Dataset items
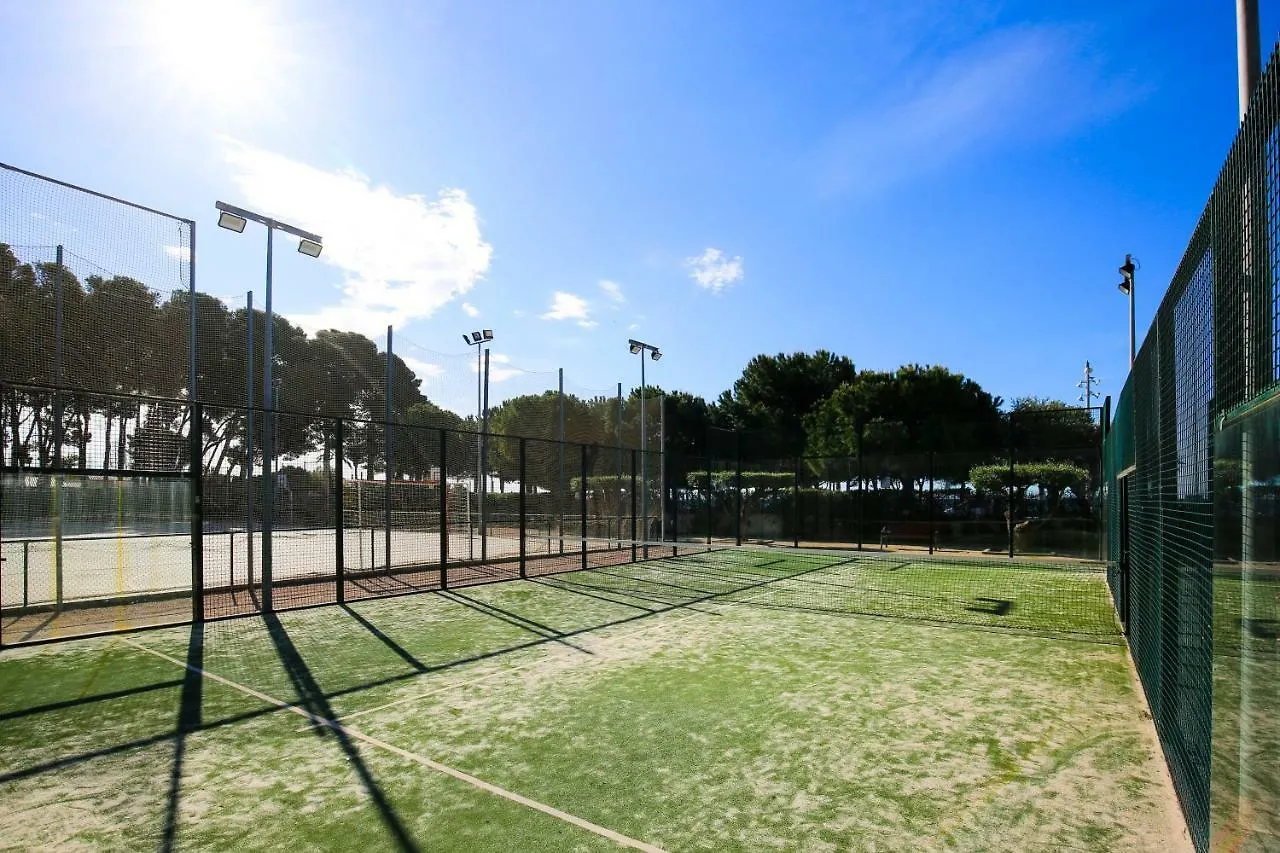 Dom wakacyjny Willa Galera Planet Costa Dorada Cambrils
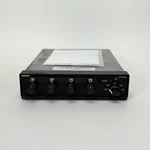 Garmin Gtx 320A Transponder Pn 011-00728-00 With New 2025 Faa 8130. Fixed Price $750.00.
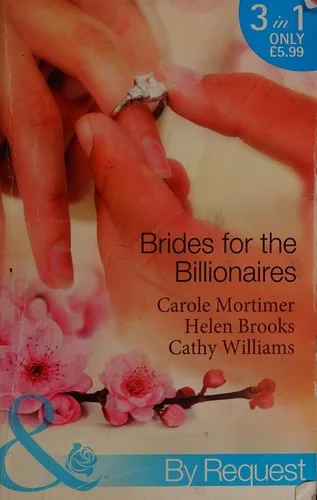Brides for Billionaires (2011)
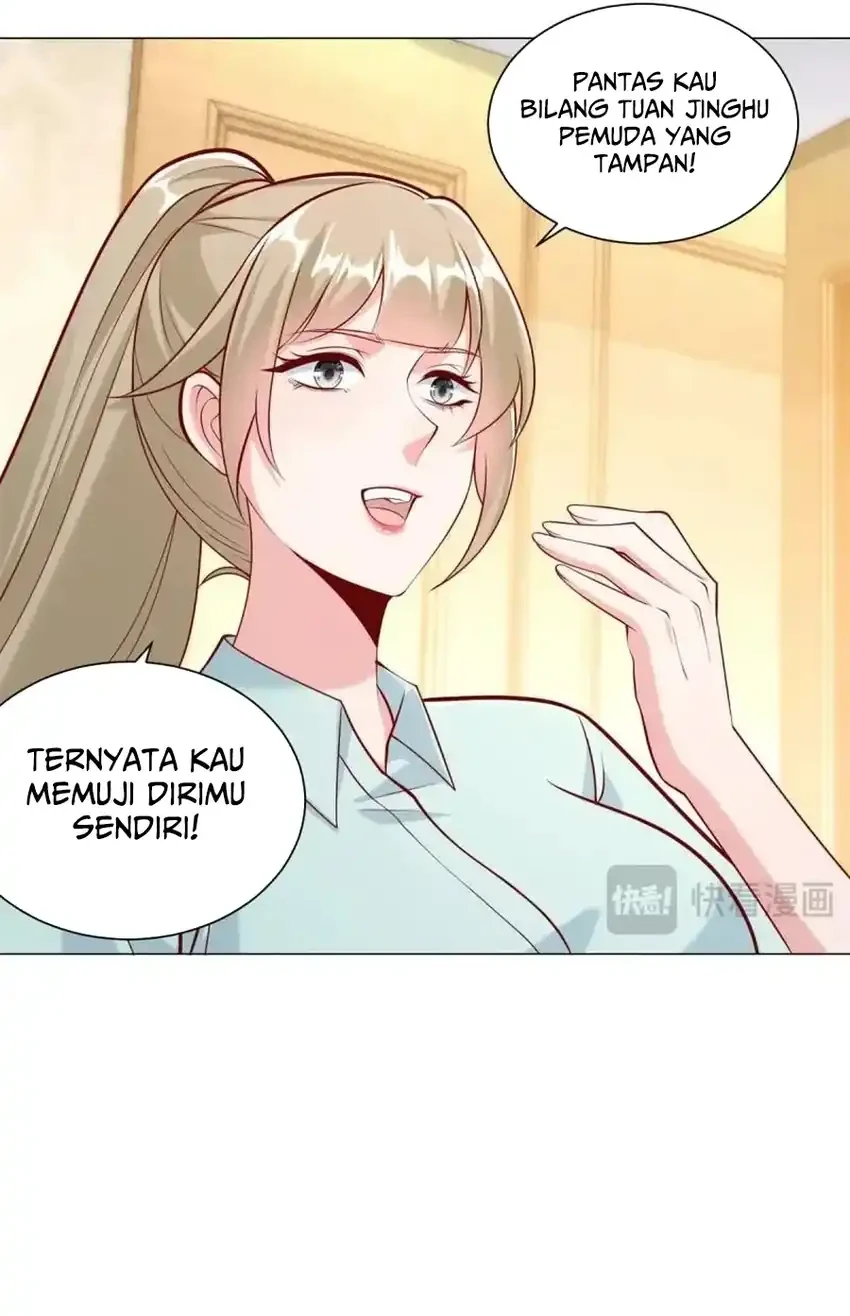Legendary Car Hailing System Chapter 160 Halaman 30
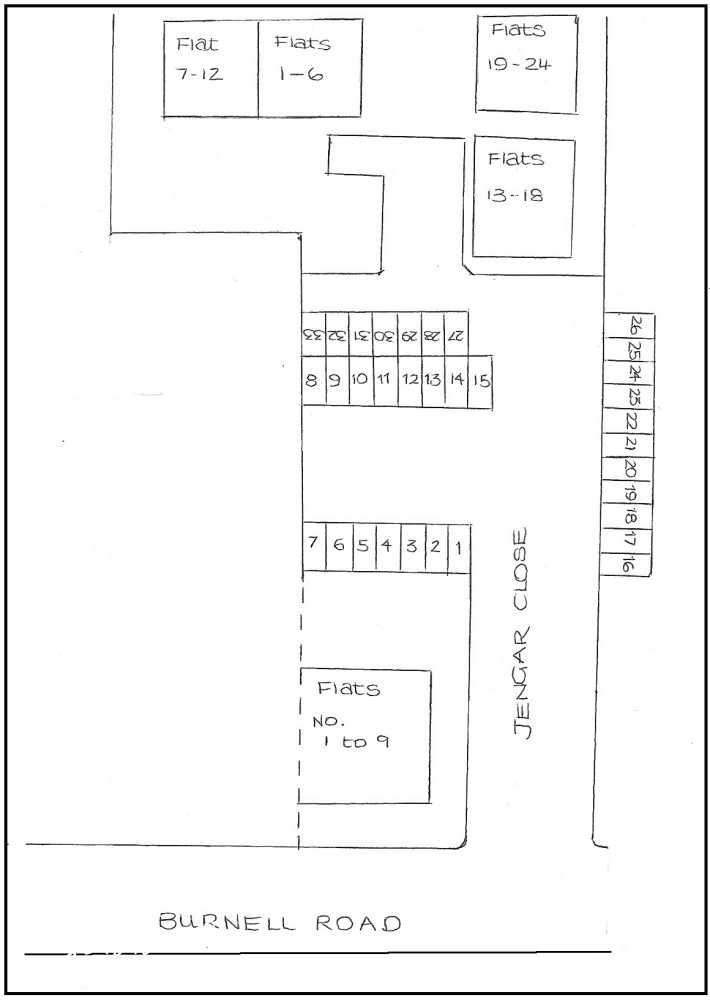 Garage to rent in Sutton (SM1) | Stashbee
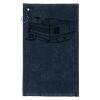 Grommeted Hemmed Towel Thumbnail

TASK BRIEF: From the line containing "Legendary Car Hailing" down to the last line of the records above, repeat every line exactly and nothing else, dropping any pictures.

SOLUTION TO THE EXERCISE:
Legendary Car Hailing System Chapter 160 Halaman 30
 Garage to rent in Sutton (SM1) | Stashbee
 Grommeted Hemmed Towel Thumbnail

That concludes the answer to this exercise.